Our Ginger is rediscovering his inner hunter. He was not waiting in the corridor outside the bedroom this morning, nor was he sitting by the cat food dishes for his breakfast, or asleep on a dining chair or in his current favourite cardboard box, or any of the other places where I'd expect to find him when I got up. I was rattled enough to make a quick tour round the garden looking for him, though looking for a cat that is not leaping forward to be found is a fairly futile exercise. Our Ginger did not come rushing up to greet me, but as I returned to the house I suddenly saw him there ahead of me, sauntering towards the front door from the direction of the concrete.
As soon as he had eaten some breakfast I heard the rattle of the cat flap as he went out again, and he stayed out patrolling the garden for most of the morning.
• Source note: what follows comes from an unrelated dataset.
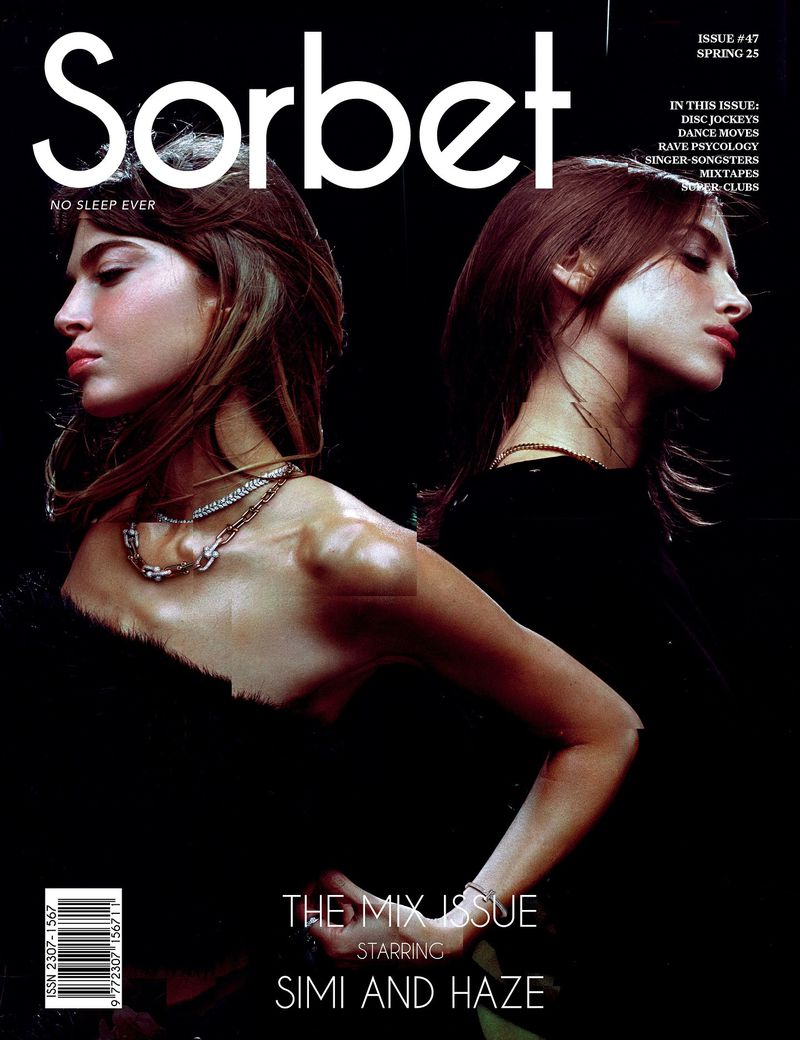 Sorbet magazine cover featuring Simi and Haze with black tops and bold necklaces against a dark backdrop, editorial fashion photography.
Our Ginger is not normally a morning cat, and so much activity before lunchtime is almost unprecedented. This afternoon while we had our tea he sat staring fixedly into the prostrate yew outside the conservatory, and going through a great pantomime of trying to see around the yew to the far end of the lawn without being seen, though peering out from our vantage point inside the conservatory we couldn't see that anything was there, and presently Our Ginger came to the same conclusion, gave up and came and sat on our laps.
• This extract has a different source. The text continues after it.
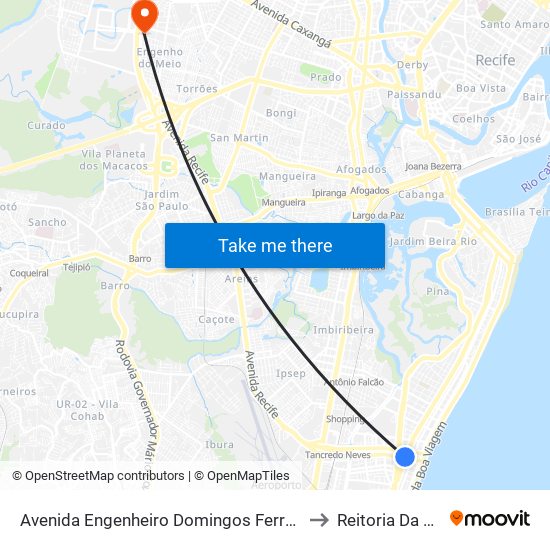 Avenida Engenheiro Domingos Ferreira 462 to Reitoria Da Ufpe map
I don't think he has actually caught anything today, but he is making a sterling effort. Meanwhile the Systems Administrator managed to knock off two young rabbits yesterday that were feeding on the top lawn and in the rose bed. My last wildlife camera footage of that bed showed up to two rabbits at the same time, but I don't know if it was the same two every time or if there are many more than two living in that part of the garden.
Over in the sloping bed that runs down the garden's southern boundary the rabbit situation is dire. Despite my best efforts with Grazers they have nibbled down whole patches of Viola odorata, chewed the top half off clumps of bulb foliage, and reduced the emerging leaves of the Omphalodes to stalks. No room in the house directly overlooks this bed, so the SA can't easily cover it with the air rifle. I have a nasty feeling that these might not be the same rabbits that have been making free in the rose bed, and if the SA can't shoot them then we are dependent on Our Ginger's efforts, unless we can think of something to bait the rabbit traps that will actually attract rabbits, while not appealing to birds.
Meanwhile, the great ginger hunter is now spark out, sprawled over the arm of my chair and snoring.